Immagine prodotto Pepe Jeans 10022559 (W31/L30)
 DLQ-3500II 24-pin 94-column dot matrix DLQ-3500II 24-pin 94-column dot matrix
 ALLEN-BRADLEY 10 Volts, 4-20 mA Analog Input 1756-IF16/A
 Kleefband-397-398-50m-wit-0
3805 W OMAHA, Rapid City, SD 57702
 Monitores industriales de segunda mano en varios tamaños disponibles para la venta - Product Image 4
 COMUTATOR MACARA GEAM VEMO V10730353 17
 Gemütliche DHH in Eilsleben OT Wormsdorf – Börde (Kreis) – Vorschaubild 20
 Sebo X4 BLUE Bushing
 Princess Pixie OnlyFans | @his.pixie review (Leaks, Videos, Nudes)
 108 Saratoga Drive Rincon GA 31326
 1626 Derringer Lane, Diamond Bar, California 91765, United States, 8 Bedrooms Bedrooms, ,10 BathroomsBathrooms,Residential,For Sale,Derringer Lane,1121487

::::::

> _TASK TO CARRY OUT_
All lines from the one containing "ALLEN-BRADLEY 10 Volts, 4-20" to the last line above should be reproduced exactly, and no other lines should be given.

> _SOLVED PROBLEM_
 ALLEN-BRADLEY 10 Volts, 4-20 mA Analog Input 1756-IF16/A
 Kleefband-397-398-50m-wit-0
3805 W OMAHA, Rapid City, SD 57702
 Monitores industriales de segunda mano en varios tamaños disponibles para la venta - Product Image 4
 COMUTATOR MACARA GEAM VEMO V10730353 17
 Gemütliche DHH in Eilsleben OT Wormsdorf – Börde (Kreis) – Vorschaubild 20
 Sebo X4 BLUE Bushing
 Princess Pixie OnlyFans | @his.pixie review (Leaks, Videos, Nudes)
 108 Saratoga Drive Rincon GA 31326
 1626 Derringer Lane, Diamond Bar, California 91765, United States, 8 Bedrooms Bedrooms, ,10 BathroomsBathrooms,Residential,For Sale,Derringer Lane,1121487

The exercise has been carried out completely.